So, was I writing tests before or after? And did it matter?
Around the same time, I watched *Writing Software*, a talk David Heinemeier Hansson gave in RailsConf 2014 Keynote.
You can watch the talk on youtube[8].
8: https://youtu.be/9LfmrkyP81M
In it, David talks about TDD, but it's only a small fraction of his talk, and I highly recommend you listen all it has to say and not focus on the most controversial parts.
Anyway, the talk gave me a lot to think about.
For me, TDD worked really well for several years for one of the projects I've been working on.
I liked the fast feedback loop, the fact I could refactor with confidence thanks to well-written and fast tests, and how I could just type one command and have an answer to the eternal question: "Did I just break something?".
But, when I started working on a Web application written in `Go`, it turned out I could get the same feeling and the same kind of loop without doing TDD at all.
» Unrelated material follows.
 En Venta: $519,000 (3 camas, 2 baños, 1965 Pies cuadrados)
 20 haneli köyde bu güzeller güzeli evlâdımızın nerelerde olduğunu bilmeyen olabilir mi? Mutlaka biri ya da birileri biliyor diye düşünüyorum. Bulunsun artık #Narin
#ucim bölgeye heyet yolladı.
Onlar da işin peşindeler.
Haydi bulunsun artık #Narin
All it took was a 10 lines Python script.
To say it differently, I think I was too obsessed with the *what* and the *how* and forgot about the *why*, something I feel happens far too often when it comes to new technologies.
Let me explain:
For me, the *what* of TDD is just one sentence: "Write your tests firsts, *before* the production code".
The *how* is: "Follow the rules: it's *red*, *green*, *refactor*".
Those are very easy to remember and explain, but I think I did not manage to convince anyone to try because they did not really care about the *what* and the *how*. They wanted to know *why*.
I kept telling them they should always write their tests first, that they should try and stick to it for several weeks before "getting" it, TDD not being something you could "learn in one week-end".
But that's not what they wanted to hear, they wanted to know *why* TDD was worth trying, and the answer: "Because it worked really well for me and my project" was not good enough.
So here goes: why do we do TDD?
I think TDD is just a *framework*. It's a set of tools, rules and conventions you can use to write better tests and better production code.
But what are "good tests" and "good production code"?
So, write your tests first, write them last, or don't write any, but please remember what really matters: your code will be written once, and read many times.
Also, you are not paid to write code[9]. What matters is that the features that need to be implemented are done and that the bugs are fixed.
9: http://bravenewgeek.com/you-are-not-paid-to-write-code/%5D
Thanks for reading!
----